Speaker Independence

A continued area of research in this project is the improvement of the speaker independent performance of our VLID system. This is an especially hard problem because we have shown the features we extract to be highly speaker dependent. Speaker independent testing is where a single speaker's data is held out for testing and the remaining speakers are used for training. The framework developed for these experiments uses 5 bilingual French/English speakers.

Our initial results using AAM features showed random classification accuracy, confirming the speaker dependent nature of the features we are using currently. Further to this proof, we attempted to use higher level features such as the height, width and aspect ratio of the lips. Results from this were more promising, producing statistically significantly above random accuracy, although this was not true for all speakers and the simplicity of the feature, lacking visual appearance such as teeth and tongue, was deemed too simple.
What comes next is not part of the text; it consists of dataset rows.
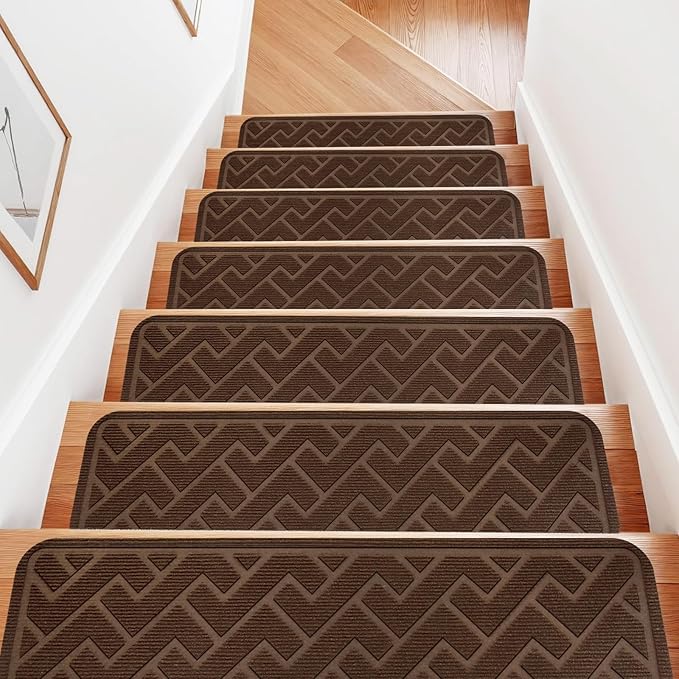 15 Pack 8 "X 30" Non Slip Stair Treads for Wooden Steps, Carpet Stair Treads Made of Polyester and Reusable Adhesive, Stair Runner Rugs for Kids, Elders and Pets (Brown)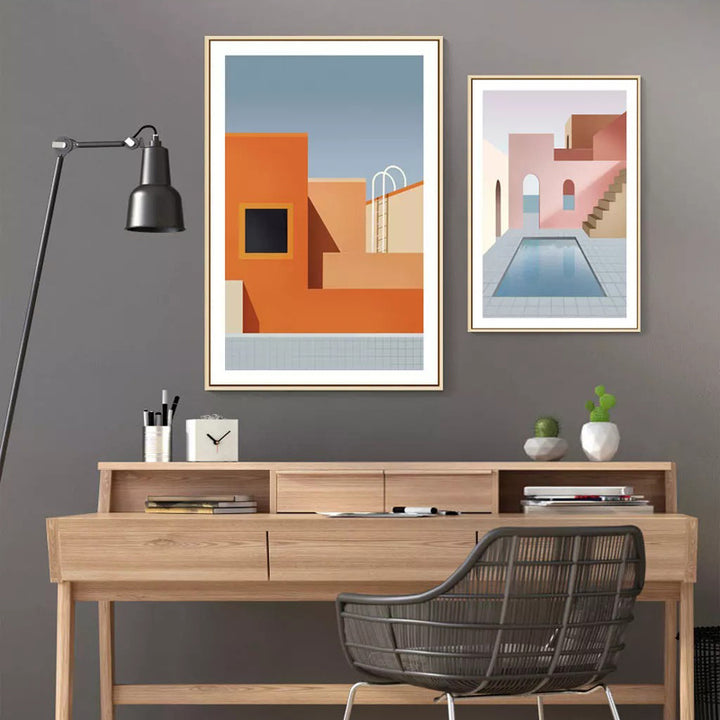 VibeCore Arches & Color Canvas Prints Option A and B Framed On Wall In Office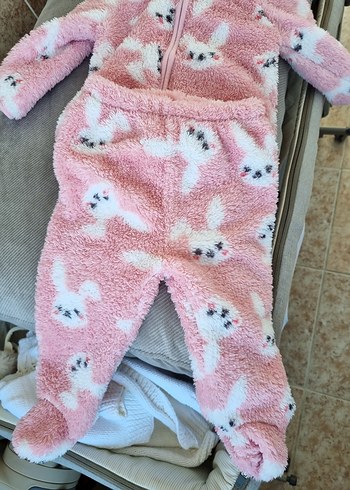 Kapüşonlu, Kürklü Pembe Kız Bebek Tulumu - Görsel 6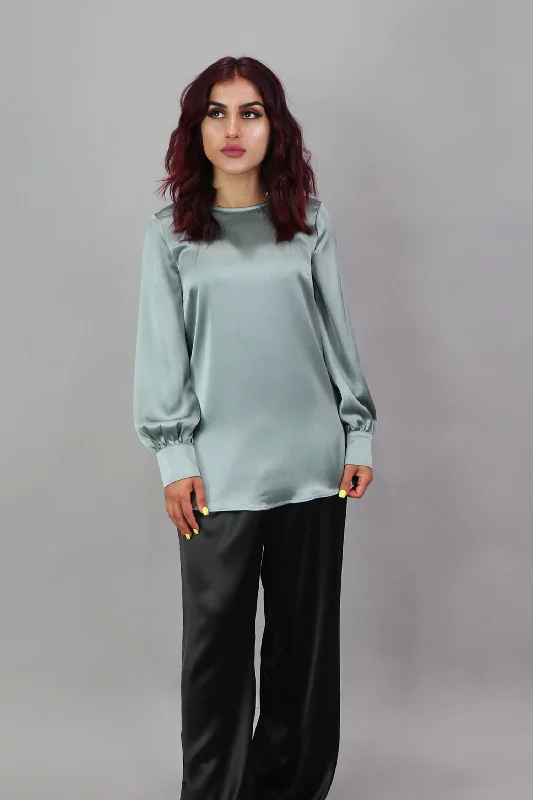 Lameera Satin Blouse - Mint Gray Embellished Collar Blouse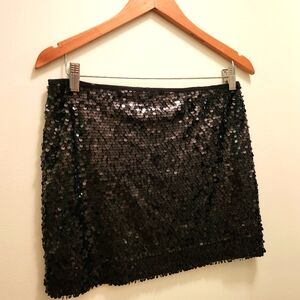Express Black Sequin Mini Skirt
Given that phone recognition generally outperforms sub-phone tokenisation techniques in audio LID, and that preliminary work suggested that using longer temporal information provided greater consistency across speakers, our current work focusses on speaker independent viseme modelling. A disadvantage to this technique is that phonetic transcriptions of the training data are required. The phone modelling technique we use is called Tied State Multiple Mixture Triphones. In this approach, a separate HMM is built for each context for each phone. For example, W-IH+N and B-IH+N are both models for the viseme "IH" in two separate contexts. There would not be enough training data to use every model for each context, so a clustering method is used to tie some of the visually similar HMM states together.

Diagram

To address the speaker independence of our features we implemented two techniques. Firstly, we z-score normalised our AAM features, in which each feature point is recalculated as the number of standard deviations from the mean of that dimension. Secondly, we also weighted each feature dimension by the mutual information. Effectively, this is a measure of dependency between the AAM dimension and the classes (where a viseme is a class). In this way, we hope that we give greater importance to the dimensions which are most speaker independent, and least weighting to those that are least consistent across speakers.

Diagram

The LID system developed is an adaptation of a technique called Parallel Phone recognition followed by Language Modelling. It is ostensibly a number of Single PRLM systems running in parallel with a back-end classifier taking a stacked vector of the likelihoods from those systems giving a decision boundary to classify test data.

Results showed that we could achieve recognition accuracies above 80%, despite very low viseme recognition accuracies of around 30%. We ran a simulation to find out what level of accuracy is required for better language discrimination and found that that viseme recognition in the order of 40% is ideal for this two class case.

Diagram Diagram

New Database

In order to test the findings of our previous work more thoroughly, we decided to record a much larger video dataset. This new dataset comprises 35 speakers in total: 25 English speakers and 10 Arabic speakers. Crucially, all speakers are native to the language of their recital, ensuring that only the genuine cues of language are used to discriminate their speech. Since English and French share similarities in vocabulary and phonetic inventory, we decided to choose two languages which are much further apart linguistically and may be better discriminated. The new video data is recorded at a high frame rate of 60 frames per second and at full HD resolution.

References

Newman, J.L. & Cox, S.J. (2009). Automatic visual-only language identification: A preliminary study. In ICASSP '09: Proceedings of the Acoustics, Speech, and Signal Processing, 2009. on Conference Proceedings., 2009 IEEE International Conference (Paper Accepted), IEEE Computer Society, Washington, DC, USA.